So you’ve written this great new feature and you can’t wait for your customers to see it. The tests are passing and it looks good on your laptop. Now you just have to get it out in the open – but how do you do that?
The answer is the deploy system – the process of making the technology we create available to our customers, in the shortest time possible, checking that no bugs are caused in the process. There are many possible ways to build and deploy software, each with their own merits. Focusing time and attention on an effective build system means delivering functionality customers as opposed to losing time with processes that could otherwise be automated.
Over the past few months, we’ve been working on a new deploy system for Hootsuite Analytics. We can’t stress enough how important this process is – without it, we’d have great products that nobody would ever see. Having millions of customers, we want to be able to quickly and safely release new changes to all of them – this requires a deployment system that is consistent, fast and finds as many issues as possible before shipping out changes. This post describes our move to a Blue-Green deployment system for our Hootsuite Analytics product.

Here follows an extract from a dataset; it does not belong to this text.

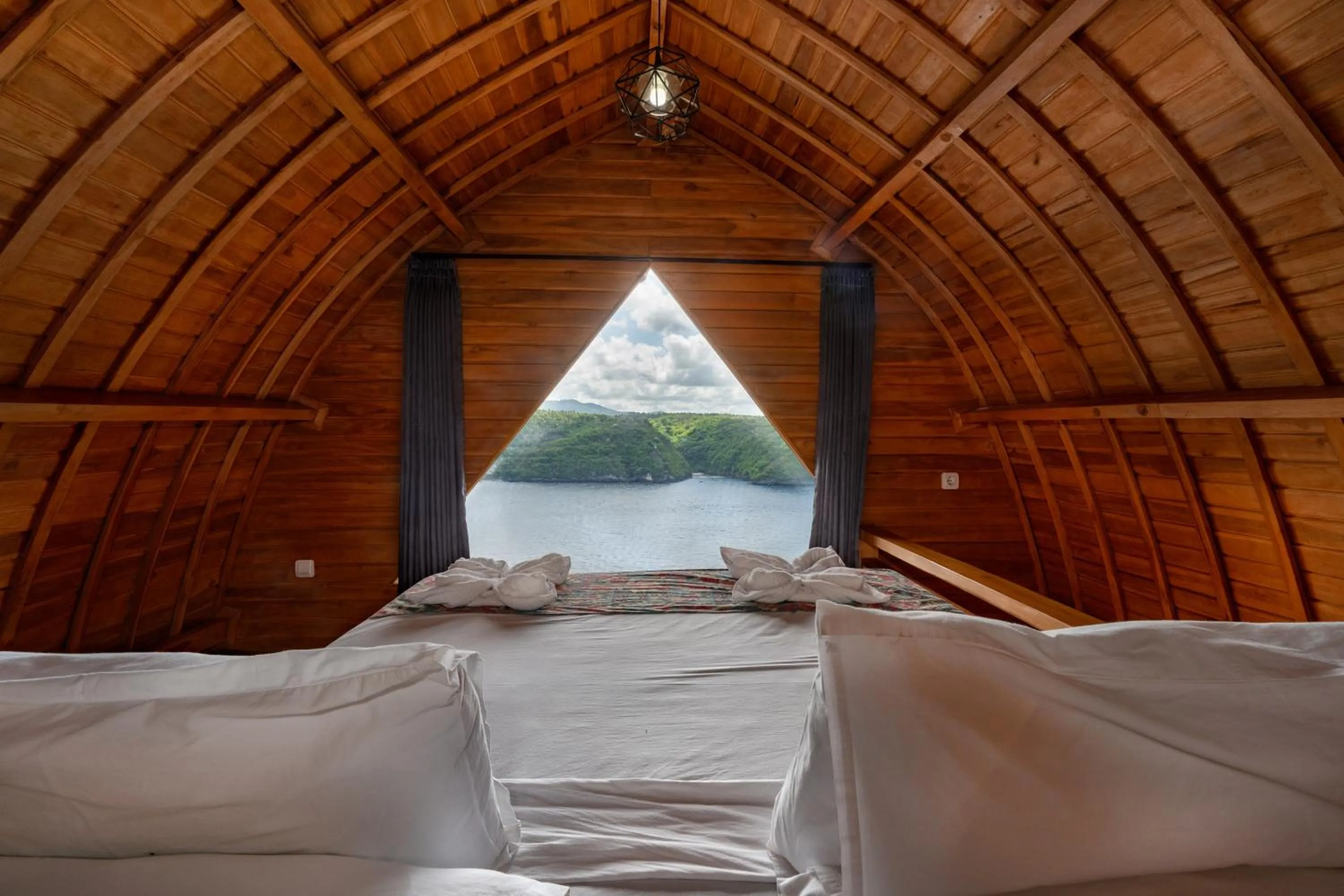 Bed in Butterfly Villas Nusa Ceningan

What exactly are we deploying?
In order to understand our needs, let’s go a bit through what we need to deploy. There are two main components – the web servers (we also call them web nodes) and the data processing pipeline. This post is all about the web nodes, so let’s focus on those. They are what customers directly interact with, so besides having to be up all the time, we cannot have any interrupted requests. This makes deployment a bit tricky, because we need to be sure that a server is not shut down while replying to a request.
Where we started from
First, let’s talk about our old deploy system. We inherited this from the old uberVU days, where we only had enterprise customers with pretty regular usage patterns. Thanks to this, we had different scaling needs and a limited set of requirements. To accommodate deploys, we had a simpler process based on fabric. There was a known list of web servers and on every one of them we’d run a set of commands that would basically fetch the latest code available and restart the servers. Everything was integrated with GitHub, so a push to the staging or master branch would trigger the respective deploy and so on. This is the simplified version of events but the main idea is that we rolled the latest code out to all the servers.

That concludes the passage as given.